Your goal. Leaving the pictures aside, repeat every line below exactly.

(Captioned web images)
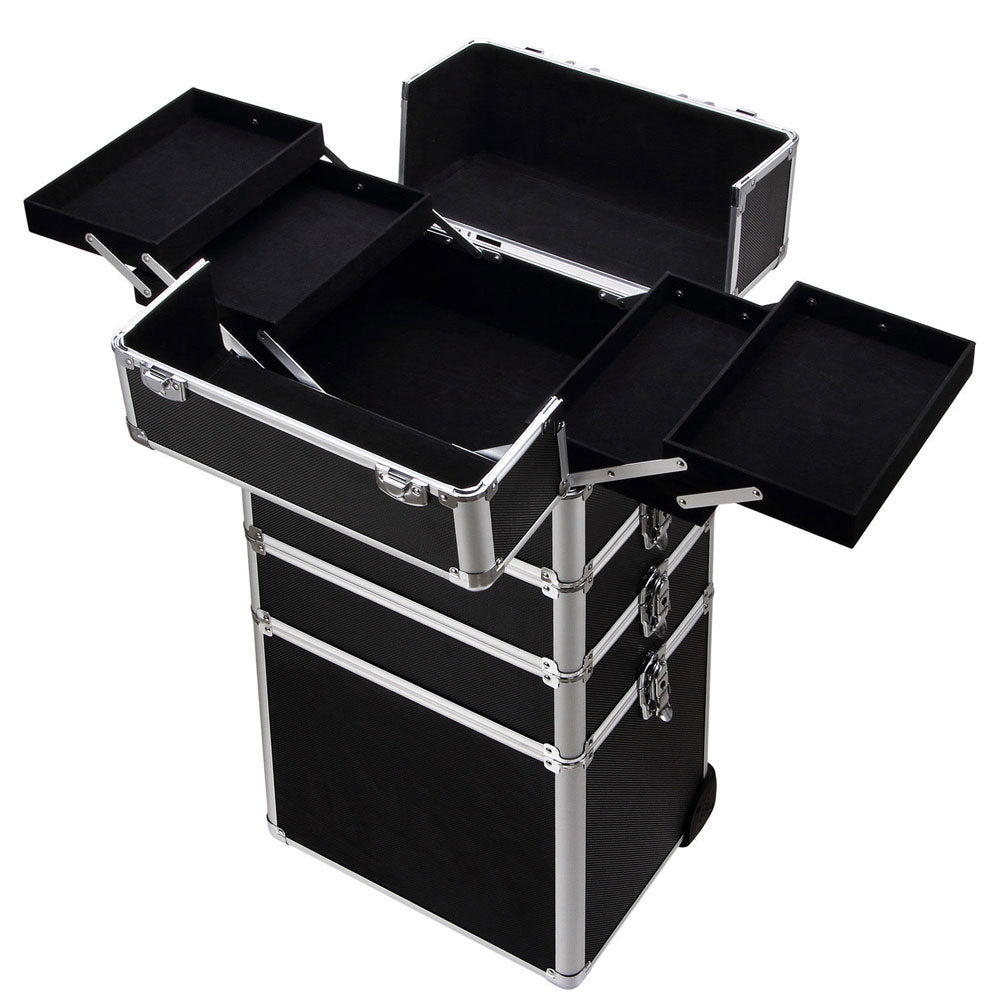 4-in-1 Draw-bar Style Interchangeable Aluminum Rolling Makeup Case Black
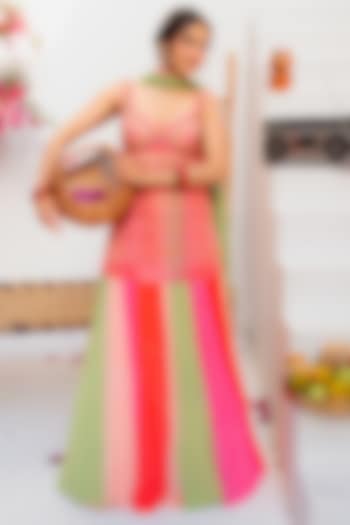 Red Chiffon Skirt Set by TUHINA SRIVASTAVA at Pernia's Pop Up Shop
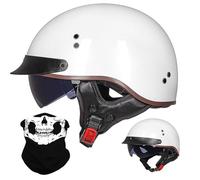 ACLFFSHOP Demi Casque De Moto, Casque Jet Rétro, Casque Bol Moto Homologué ECE, Casques Vintage à Face Ouverte, avec Pare-Soleil et Doublure Intérieure Amovible, pour Vélos Motos Scooter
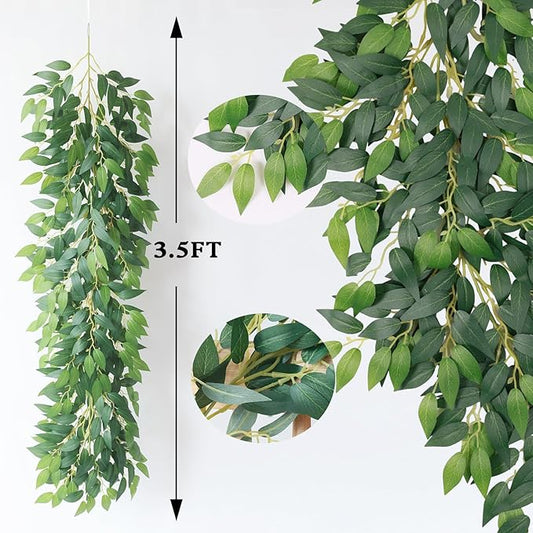 mizii Artificial Vines Garland 3.5 Feet Faux Italian Ruscus Vine Greenery Garland Silk Green Leaves Decoration Fake Plants Greenery for Table Centerpieces Home Room Wall Wedding Arch Decor (3.5 feet)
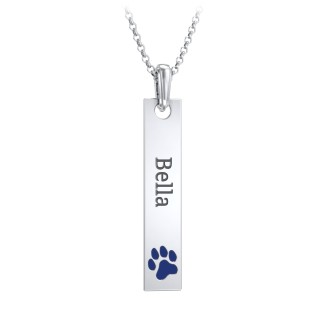Men's Engravable Long Tag Necklace with Cold Enamel Paw - Dark Blue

Solution to this exercise.
 4-in-1 Draw-bar Style Interchangeable Aluminum Rolling Makeup Case Black
 Red Chiffon Skirt Set by TUHINA SRIVASTAVA at Pernia's Pop Up Shop
 ACLFFSHOP Demi Casque De Moto, Casque Jet Rétro, Casque Bol Moto Homologué ECE, Casques Vintage à Face Ouverte, avec Pare-Soleil et Doublure Intérieure Amovible, pour Vélos Motos Scooter
 mizii Artificial Vines Garland 3.5 Feet Faux Italian Ruscus Vine Greenery Garland Silk Green Leaves Decoration Fake Plants Greenery for Table Centerpieces Home Room Wall Wedding Arch Decor (3.5 feet)
Men's Engravable Long Tag Necklace with Cold Enamel Paw - Dark Blue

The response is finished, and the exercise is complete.